I have a new event to prepare for in roughly 3 weeks. We have been invited to a casual dinner with other parents from my kid’s preschool. My wife wants to be friends with the couple hosting, and one of them is an architectural designer (and both of them are always well dressed). 

The event is on a Wednesday night and it has been billed as “a very casual dinner at our house. All are welcome: siblings, nannies, visiting grandparents, etc.” 

I want an outfit that will make me look well put together without being “dressed up”. The event is supposed to be casual, there will be kids, including my toddler, there so things will likely get messy, and my wife isn’t getting more dressed up than jeans and a sweater. 

What do you think I should wear?

—Harrison


Welcome to A Well Worn Dispatch, an at-least-weekly newsletter about dressing well, feeling good, and giving a damn. With an emphasis on style that’s personal and a focus on intentionality and craft, I answer reader submitted questions and invite you to go window shopping with me for the finest jawns the internet has to offer.


Harrison, I love this question, thank you for sending it in. 

I firmly believe it is better to be overdressed than underdressed. That said, you can be too overdressed for a situation and that can make you stand out a bit too much for your own comfort. 

Despite being a “casual” event, the fact that it’s on a Wednesday after work gives you a nice range of dress to play in. And, now is the perfect time to bring out your fall colors and textures. 

I’ve built a few different fits you can throw, depending on how far into casual you want to push things. They are all built around the same shirt and pant combo (and even these give you some leeway).

I know you want to look good for this event, but more importantly, I need you to feel good in what you wear for this. If you’re uncomfortable in what you’re wearing it’s going to show in your interactions with all the people you’d like to make a good impression on, so it’s imperative that these clothes aren’t wearing you. That said, if something in these suggestions feels like a stretch, you don’t have to wear it. Or, practice wearing it some day before the actual party, that way if you decide to go for it, it’ll feel a little less foreign when it’s time to wear it for real. 


The Supporting Cast

The base of this outfit is intentionally simple (almost overly simple), and likely something you’ve already got in your closet. 

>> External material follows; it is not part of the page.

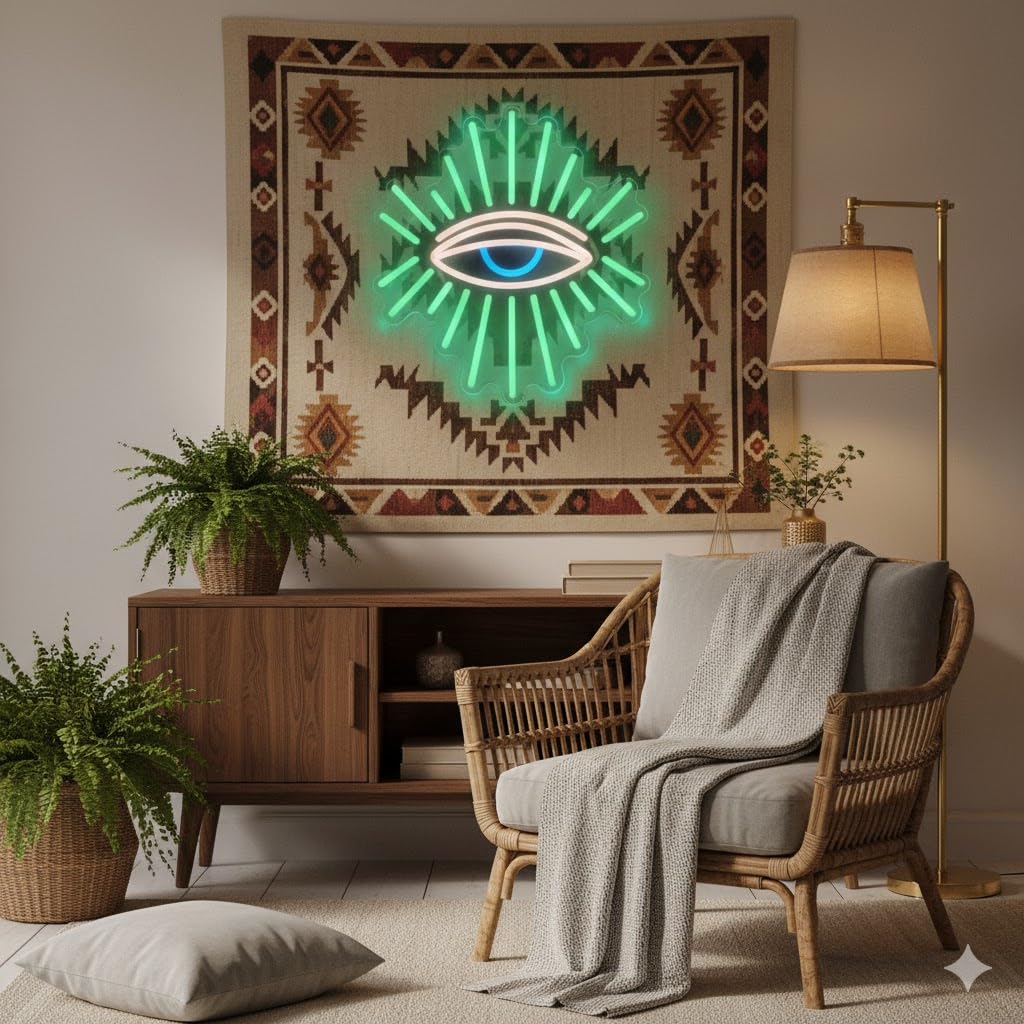Evil Eyes Neon Signs for Wall Decor, Dimming LED Green Goth Eyes Neon Signs, Bohemian Wall Decor Witchy Decor USB Neon Wall Signs for Bedroom Meditation Decor Charm Gift Unique Home Christmas Gift(11.8x13in)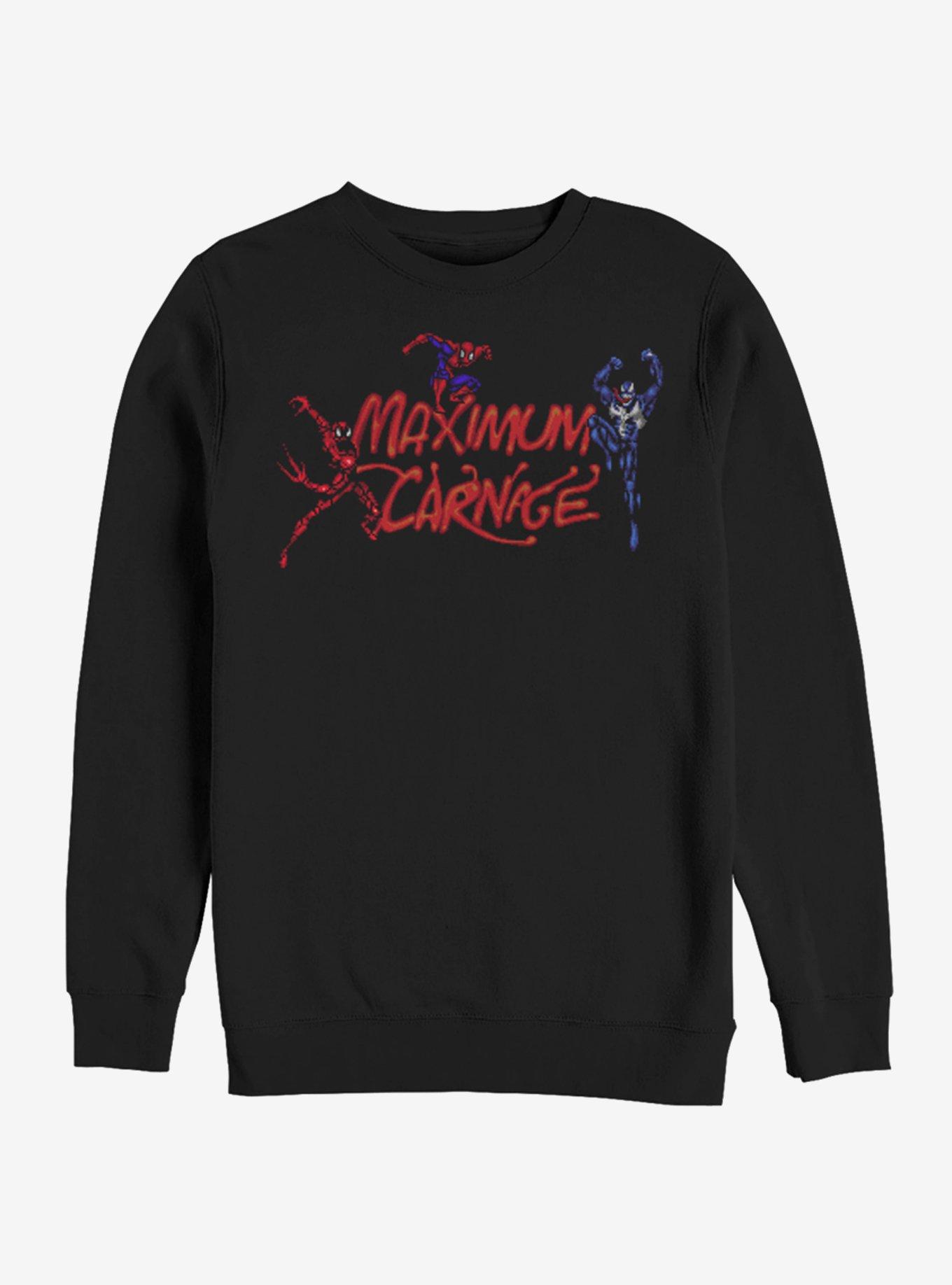 Marvel Spider-Man Maximum Carnage Title Screen Sweatshirt, BLACK, hi-res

  • The Shoes: A leather boot (chelsea, chukka, or work) or loafer (penny or tassel).  Brown or black will work here, and I’ve included both in the example images. A darker suede can work here too, but given the potential for spills, best stick with leather.

  • The Pants: Chinos in grey, olive, or khaki, or medium to dark wash denim. This sort of event is normally the perfect place for some white or natural denim or chinos, but given the children running around (your child included) it’s best to avoid these lest you end up with a…memorable stain. 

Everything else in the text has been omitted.